Outre cette difficulté technique, il faut compter avec la résistance que pourraient localement rencontrer les convois humanitaires, routiers et héliportés. L'accès aux camps leur restera-t-il ouvert en permanence ou bien faut-il d'ores et déjà prévoir des modes de protection militaire, et, dès lors, sur quelle base ?

Dans les états-majors concernés, on étudie les ripostes éventuelles et, en particulier, la distinction qui existe entre les droits à la légitime défense (chapitre 6 de la Charte des Nations unies) en cas d'agression contre les convois et ce qu'impliquerait l'usage du droit à une ouverture du feu (dans les conditions fixées par le chapitre 7 de la Charte) s'il fallait d'autorité dégager la voie.

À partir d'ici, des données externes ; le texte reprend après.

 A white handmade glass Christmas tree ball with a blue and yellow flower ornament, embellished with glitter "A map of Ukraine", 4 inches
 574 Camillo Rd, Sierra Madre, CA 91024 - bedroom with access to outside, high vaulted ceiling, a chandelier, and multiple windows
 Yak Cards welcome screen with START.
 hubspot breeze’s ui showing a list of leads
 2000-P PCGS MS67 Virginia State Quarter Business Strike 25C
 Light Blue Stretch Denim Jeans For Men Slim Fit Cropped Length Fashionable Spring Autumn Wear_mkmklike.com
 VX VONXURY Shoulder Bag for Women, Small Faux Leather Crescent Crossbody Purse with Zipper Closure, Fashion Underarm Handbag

C'est une décision de principe délicate à prendre et elle devrait être arrêtée dans les heures prochaines, si, comme il est envisagé, l'intervention commençait en fin de semaine.

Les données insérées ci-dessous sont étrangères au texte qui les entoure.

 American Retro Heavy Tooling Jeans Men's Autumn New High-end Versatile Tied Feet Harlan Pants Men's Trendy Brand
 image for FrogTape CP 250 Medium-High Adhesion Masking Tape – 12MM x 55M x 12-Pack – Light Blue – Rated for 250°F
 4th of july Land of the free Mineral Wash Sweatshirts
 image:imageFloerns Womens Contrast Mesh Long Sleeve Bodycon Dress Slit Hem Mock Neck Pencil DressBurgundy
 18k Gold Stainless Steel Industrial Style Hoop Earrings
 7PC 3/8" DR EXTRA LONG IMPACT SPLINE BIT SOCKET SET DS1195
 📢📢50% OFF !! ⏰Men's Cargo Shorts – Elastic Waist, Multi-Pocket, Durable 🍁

A ce jour, le volume des forces françaises engagées variera beaucoup selon ces hypothèses et il sera aussi fonction du soutien en hommes ou en matériels que les partenaires de la France apporteront. Du seul côté français, indépendamment des autres contributions, dont ni la forme ni la nature n'ont été encore dévoilées, il existe une hypothèse basse, de l'ordre d'un millier de professionnels, et une hypothèse haute, de deux mille hommes environ. En avril, lors de l'opération sur Kigali, qui avait été baptisée " Amaryllis " en référence à une plante bulbeuse à grandes fleurs rouges qu'on rencontre en Afrique, les Français avaient déployé cinq cents hommes ; les Belges, quelque quatre cents, et les Italiens, une centaine.

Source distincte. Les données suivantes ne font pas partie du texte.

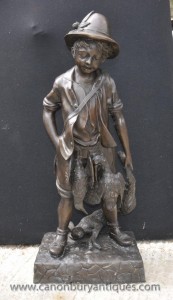 Grand français Castings Bronze phesant Hare Hunter Boy StatueGrand français Castings Bronze phesant Hare Hunter Boy Statue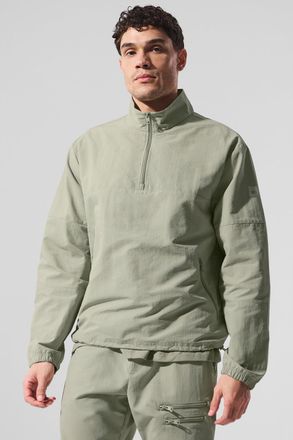 Alo | Light Weight Takeaway Track Pullover Top in Limestone Green, Size: Large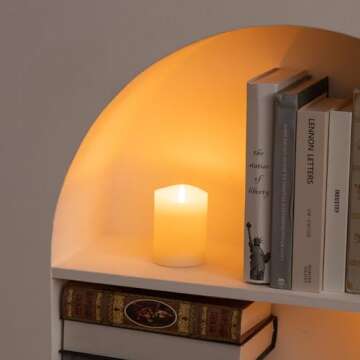 LED Pillar Candle Small - 4 inches Flickering Flameless Candles with Remote, Real Wax Battery Operated Candles with Timer, Ivory Fake Candles for Wedding/Party/Christmas Decor, Set of 6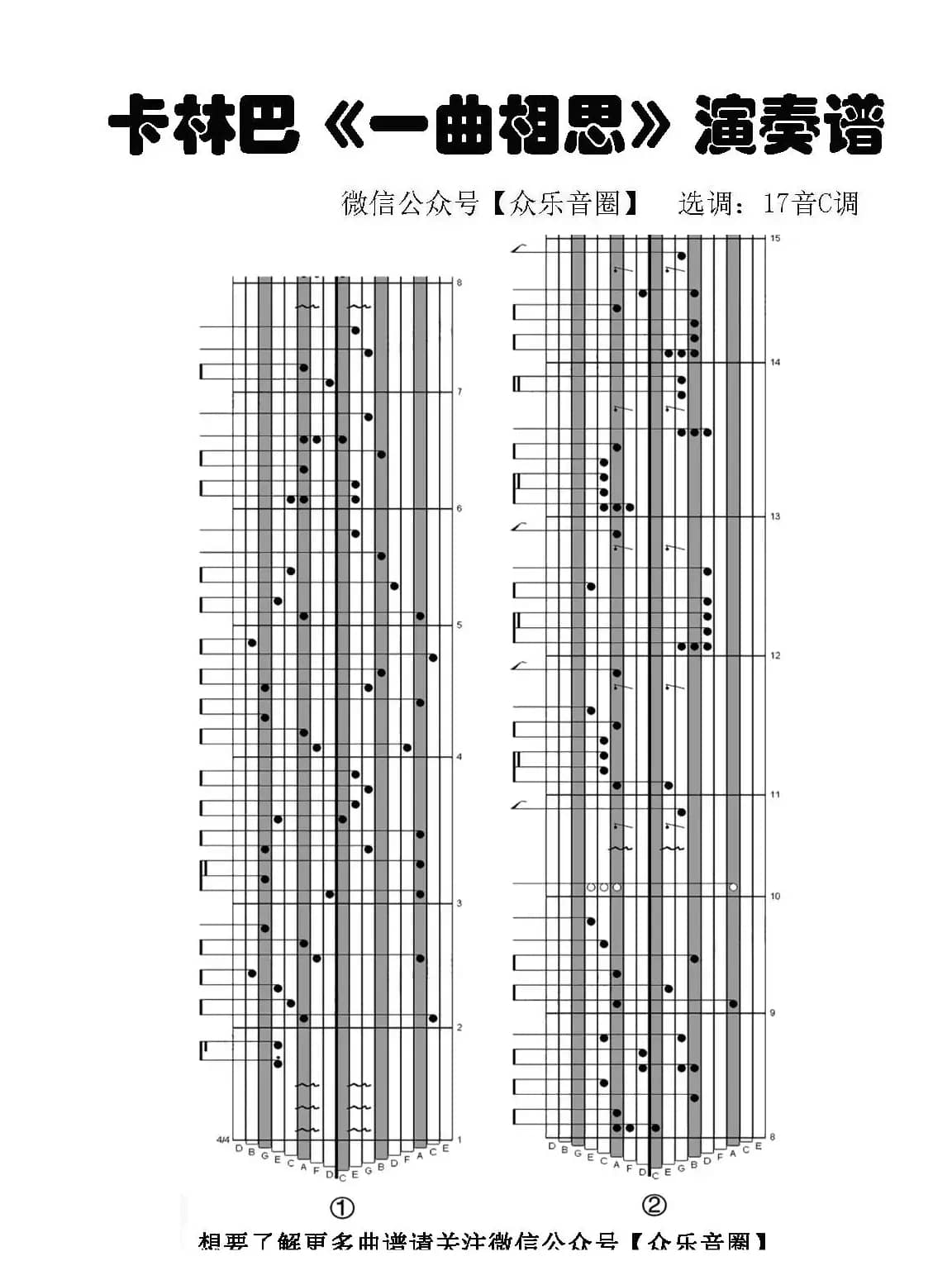 一曲相思（拇指琴卡林巴琴专用谱）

Les conditions, pour pénibles qu'elles furent, de la mission " Amaryllis " n'ont apparemment rien à voir avec celles de l'opération projetée, qui pourrait être plus risquée. Il n'en demeure pas moins que l'expédition organisée en avril a été l'occasion de maints accrochages locaux. A plusieurs reprises, des tireurs isolés ont pris à partie des convois, et des commandos français ont dû répliquer à des fusillades.